Run language, vision, speech, image and embedding models locally. CPU, GPU, NPU. Powered by upstream llama.cpp, whisper.cpp and Piper — Day 0 support for every new model that ships.
Features
DeepNetz automatically selects the best backend for your hardware and optimizes memory usage to run models that shouldn't fit.
llama.cpp, HuggingFace Transformers, ExLlamaV2, vLLM, CTranslate2, and ONNX Runtime. DeepNetz picks the optimal one automatically.
Intelligent key-value cache management reduces VRAM usage significantly, enabling larger context windows on constrained hardware.
A clean, responsive chat interface ships out of the box. No separate frontend setup needed — just run and open your browser.
Native function/tool calling support compatible with OpenAI-style tool definitions. Build agents that interact with external APIs.
Detects your GPU, VRAM, CPU cores, and RAM at startup. Automatically configures quantization level, batch size, and layer offloading.
Drop-in replacement for the OpenAI API. Use your existing code and tools — just change the base URL to your local DeepNetz server.
Benchmarks
Measured on consumer hardware. No cherry-picked results. Quality delta is vs. uncompressed FP16 baseline.
| Model | Parameters | Quality Delta | Throughput | VRAM Used |
|---|---|---|---|---|
| Llama 3.2 | 3B | +0.4% | 42.1 tok/s | 2.8 GB |
| Gemma 2 | 27B | +2.0% | 8.7 tok/s | 14.2 GB |
| Qwen 2.5 | 35B | +2.7% | 6.3 tok/s | 18.1 GB |
| Command R+ | 122B | — | 1.3 tok/s | 48 GB (CPU offload) |
Benchmarked on a single RTX 4090 (24 GB VRAM), 64 GB DDR5 RAM. The 122B model uses partial CPU offloading. Quality delta measured on MMLU subset. Positive values = better than baseline (due to quantization noise regularization).
Comparison
Different tools for different needs. Here's where DeepNetz fits.

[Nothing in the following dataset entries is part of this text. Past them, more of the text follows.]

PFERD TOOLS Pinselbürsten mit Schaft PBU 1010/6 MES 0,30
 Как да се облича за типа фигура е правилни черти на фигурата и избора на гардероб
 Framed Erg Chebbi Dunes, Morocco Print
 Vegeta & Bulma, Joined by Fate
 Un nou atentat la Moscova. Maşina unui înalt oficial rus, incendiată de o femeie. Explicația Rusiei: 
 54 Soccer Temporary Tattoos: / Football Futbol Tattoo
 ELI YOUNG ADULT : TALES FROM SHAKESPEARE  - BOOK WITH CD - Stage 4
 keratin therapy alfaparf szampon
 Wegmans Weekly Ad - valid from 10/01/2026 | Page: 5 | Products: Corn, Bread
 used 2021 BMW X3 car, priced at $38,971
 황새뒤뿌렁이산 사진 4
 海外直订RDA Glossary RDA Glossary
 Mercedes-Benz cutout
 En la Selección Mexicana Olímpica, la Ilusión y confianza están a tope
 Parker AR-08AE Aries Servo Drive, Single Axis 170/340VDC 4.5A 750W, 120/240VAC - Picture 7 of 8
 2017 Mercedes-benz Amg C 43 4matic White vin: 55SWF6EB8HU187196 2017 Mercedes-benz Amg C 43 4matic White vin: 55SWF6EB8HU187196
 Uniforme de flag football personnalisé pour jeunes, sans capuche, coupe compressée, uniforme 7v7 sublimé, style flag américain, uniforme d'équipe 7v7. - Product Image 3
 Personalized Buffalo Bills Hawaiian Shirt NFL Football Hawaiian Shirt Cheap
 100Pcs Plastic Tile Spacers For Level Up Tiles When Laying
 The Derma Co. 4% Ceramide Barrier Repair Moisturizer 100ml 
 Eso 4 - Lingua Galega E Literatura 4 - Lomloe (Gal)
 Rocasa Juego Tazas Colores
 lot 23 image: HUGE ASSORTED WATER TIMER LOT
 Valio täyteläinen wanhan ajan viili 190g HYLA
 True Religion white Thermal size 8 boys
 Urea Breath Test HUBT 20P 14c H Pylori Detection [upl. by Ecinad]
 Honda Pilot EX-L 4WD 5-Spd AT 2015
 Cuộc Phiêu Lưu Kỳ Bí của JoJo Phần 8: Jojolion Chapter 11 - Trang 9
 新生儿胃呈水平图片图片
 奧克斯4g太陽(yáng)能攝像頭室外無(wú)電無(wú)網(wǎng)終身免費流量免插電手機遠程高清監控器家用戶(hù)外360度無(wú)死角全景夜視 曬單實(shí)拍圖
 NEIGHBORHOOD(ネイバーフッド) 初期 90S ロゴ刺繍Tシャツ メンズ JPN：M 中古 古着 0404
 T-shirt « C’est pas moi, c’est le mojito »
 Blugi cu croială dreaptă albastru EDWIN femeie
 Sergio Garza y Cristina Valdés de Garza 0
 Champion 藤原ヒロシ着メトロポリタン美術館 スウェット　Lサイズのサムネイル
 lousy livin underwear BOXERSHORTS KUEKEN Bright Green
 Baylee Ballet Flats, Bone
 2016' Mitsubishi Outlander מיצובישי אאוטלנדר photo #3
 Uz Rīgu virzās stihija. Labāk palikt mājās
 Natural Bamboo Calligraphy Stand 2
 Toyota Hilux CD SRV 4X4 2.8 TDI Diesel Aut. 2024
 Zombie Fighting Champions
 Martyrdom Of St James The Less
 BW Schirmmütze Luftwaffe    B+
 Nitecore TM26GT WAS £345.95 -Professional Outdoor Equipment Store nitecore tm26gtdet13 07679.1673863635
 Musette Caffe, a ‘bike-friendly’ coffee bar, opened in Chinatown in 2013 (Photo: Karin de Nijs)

| Feature | DeepNetz | Ollama | LM Studio | vLLM |
|---|---|---|---|---|
| Free Tier | ✓ Apache-2.0 | ✓ MIT | ✕ Proprietary | ✓ Apache-2.0 |
| Multiple Backends | ✓ 6 backends | ✕ llama.cpp only | ✕ llama.cpp only | ✕ vLLM only |
| Hardware Auto-Detect | ✓ Full | ○ Basic | ○ Basic | ✕ Manual |
| KV Cache Compression | ✓ | ✕ | ✕ | ○ Experimental |
| Tool Calling | ✓ Native | ✓ | ○ Limited | ✓ |
| Web UI | ✓ Built-in | ✕ CLI only | ✓ Desktop app | ✕ |
| CPU + GPU Offloading | ✓ Auto | ○ Manual | ○ Manual | ✕ GPU only |
| Python Library | ✓ pip install | ✕ Binary | ✕ Binary | ✓ pip install |
| Production Batching | ○ Basic | ✕ | ✕ | ✓ Continuous |
Quick Start
Install, load a model, generate. That's it.
# Install
pip install deepnetz
# Python API
from deepnetz import DeepNetz
# Initialize — hardware is auto-detected
dn = DeepNetz()
# Load any supported model (GGUF, HF, GPTQ, AWQ, EXL2)
dn.load("meta-llama/Llama-3.2-3B-Instruct")
# Generate
response = dn.chat("Explain quantum computing in simple terms.")
print(response)
# Or start the server with Web UI
dn.serve(port=8000) # Opens http://localhost:8000
# Start a server (OpenAI-compatible API)
$ deepnetz serve --model meta-llama/Llama-3.2-3B-Instruct --port 8000
# Interactive chat in your terminal
$ deepnetz chat --model meta-llama/Llama-3.2-3B-Instruct
# Benchmark a model on your hardware
$ deepnetz bench --model meta-llama/Llama-3.2-3B-Instruct
Architecture
DeepNetz sits between your code and the inference backend. It handles hardware detection, model loading, and optimization automatically.